Re: Missionari Comb. BARI - Un SUD alla deriva




La Sesta Flotta lascia Gaeta ma non va a Taranto

Nelle scorse settimane gli ambienti pacifisti italiani hanno innescato una polemica sulla eventualità che la base navale di Taranto sia chiamata dal 2005 ad ospitare la Sesta Flotta americana, di cui sarebbe già stato deciso il trasferimento da Gaeta. Il dibattito, approdato dapprima sulla carta stampata e quindi in Parlamento, si è tuttavia alimentato di deduzioni che appaiono perlomeno arbitrarie.

Tutto nasce da un articolo apparso il 7 febbraio sul quotidiano inglese The Guardian che riprende a sua volta un intervento dello spagnolo El Mundo. Entrambi riportano la notizia secondo cui anche la Sesta Flotta dovrebbe essere interessata dal progetto dell'amministrazione Bush di rivedere la presenza militare nel mondo. A determinare la decisione di Washington sarebbero stati a quanto pare i prezzi troppo alti che si incontrano in una località turistica come Gaeta.
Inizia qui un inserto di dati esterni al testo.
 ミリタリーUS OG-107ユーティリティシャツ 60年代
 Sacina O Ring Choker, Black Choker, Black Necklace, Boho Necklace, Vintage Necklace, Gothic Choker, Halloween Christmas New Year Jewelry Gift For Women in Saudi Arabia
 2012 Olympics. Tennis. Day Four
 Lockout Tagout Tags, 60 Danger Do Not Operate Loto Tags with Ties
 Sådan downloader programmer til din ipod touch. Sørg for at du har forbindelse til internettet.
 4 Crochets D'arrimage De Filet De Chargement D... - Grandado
La cosa strana, però, è che la US Navy non approfitterebbe di questo trasferimento per avvicinarsi maggiormente alle aeree di crisi mediorientali, ma al contrario potrebbe puntare su una base fuori dal Mediterraneo come quella di Rota, in Spagna. In proposito gli Stati Uniti hanno già concordato con il governo di Madrid interventi di potenziamento della base, con un investimento di 450 milioni di dollari. Nonostante sia clamorosamente decentrata, Rota ha il vantaggio di poter ospitare e supportare sia la componente navale che quella aerea.
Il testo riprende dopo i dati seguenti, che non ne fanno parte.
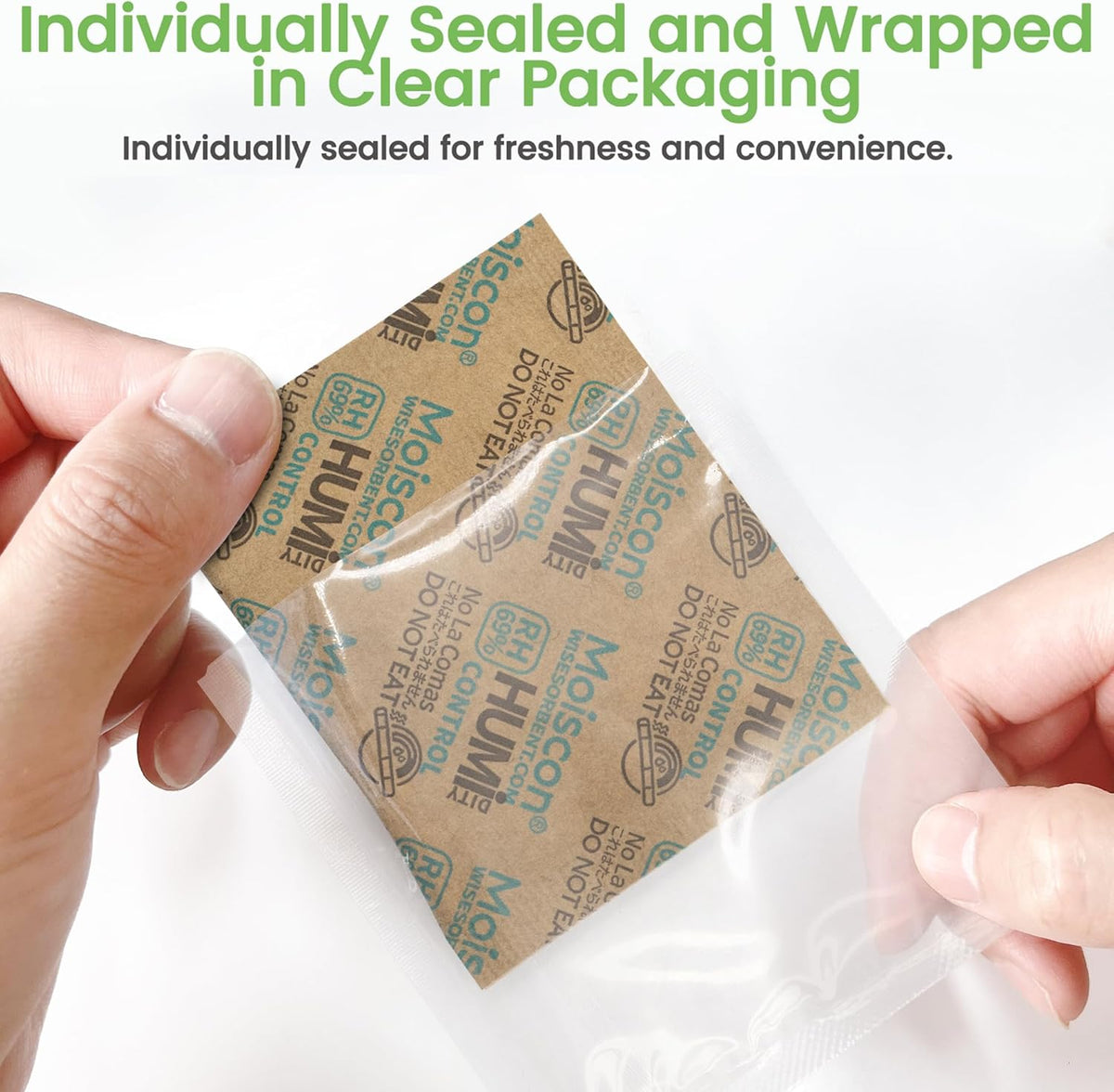 30 Pack 8 Gram 69% Two-Way Humidity Control Packs For Storing Up to 5 Items, Size 8 for Small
L'11 febbraio tocca al quotidiano italiano Liberazione riprendere gli articoli di El Mundo e del Guardian, commentando la cosa secondo il suo stile ma attenendosi comunque con scrupolo alle notizie. L'8 febbraio, invece, è intervenuta sull'argomento l'associazione pacifista Peacelink, che si è lanciata in interpretazioni tutte sue concludendo con un allarme: Taranto è l'unica base candidata ad ospitare la Sesta Flotta americana dopo il 2005.
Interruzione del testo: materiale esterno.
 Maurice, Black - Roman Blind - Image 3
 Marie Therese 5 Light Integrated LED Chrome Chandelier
Già, Taranto. Da qualche anno le Forze armate italiane hanno avviato un potenziamento delle proprie capacità di intervento creando, tra le altre cose, strutture di comando complesse con cui candidarsi alla guida di forze NATO a elevata prontezza operativa. L'Esercito ha messo a punto un comando per le forze di terra nei pressi di Milano (a Solbiate Olona), e la Marina ha fatto altrettanto per le forze navali potenziando la base di Taranto. Secondo Peacelink tanto basta per concludere che la Sesta Flotta si trasferirà nella base pugliese.

Poco importa, allora, che El Mundo, The Guardian e un portavoce della Sesta Flotta abbiano parlato finora solo di possibili trasferimenti in Spagna. Meno ancora, evidentemente, conta il fatto che la costituzione di comandi NATO e la ridislocazione di forze USA siano due processi in tutto e per tutto separati, con obiettivi e promotori diversi. Questi comandi NATO sono talmente asserviti agli interessi statunitensi che nello stemma di quello di Solbiate la rosa dei venti dell'Alleanza Atlantica si divide fraternamente il campo con la corona stellata dell'Unione Europea. Gioverebbe saperlo, prima di mettersi gridare alla sovversione.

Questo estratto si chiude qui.